Judge Emmet Sullivan has appointed former U.S. district judge for the Eastern District of New York, John Gleeson to argue against the dismissal of the Justice Department's case against Mike Flynn. According to the second paragraph of the filing, Sullivan directs Gleeson to address whether Flynn should be held in criminal contempt for perjury, one lawyer pointed out.
Sullivan appoints retired judge John Gleeson to argue against the dismissal of the Flynn case. https://t.co/gDR0Wfwtlj— southpaw (@southpaw)1589409703.0
The nomination of Gleeson is an interesting choice, because in an editorial for the Washington Post just days ago, Gleeson explained that the case wasn't over simply because the DOJ dropped the charges.

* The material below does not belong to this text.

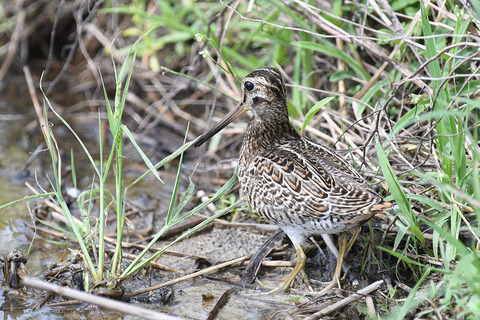 DSC_0719.jpg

"The Justice Department’s move to dismiss the prosecution of former national security adviser Michael Flynn does not need to be the end of the case — and it shouldn’t be," wrote Gleeson along with acting Attorney General for the criminal division David O'Neil and former assistant DA Marshall Miller. "The Justice Department has made conflicting statements to the federal judge overseeing the case, Emmet G. Sullivan. He has the authority, the tools and the obligation to assess the credibility of the department’s stated reasons for abruptly reversing course."
"The department’s motion to dismiss the Flynn case is actually just a request — one that requires 'leave of the court' before it is effective," the editorial continued. "The executive branch has unreviewable authority to decide whether to prosecute a case. But once it secures an indictment, the proceedings necessarily involve the judicial branch. And the law provides that the court — not the executive branch — decides whether an indictment may be dismissed. The responsible exercise of that authority is particularly important here, where a defendant’s plea of guilty has already been accepted. Government motions to dismiss at this stage are virtually unheard of."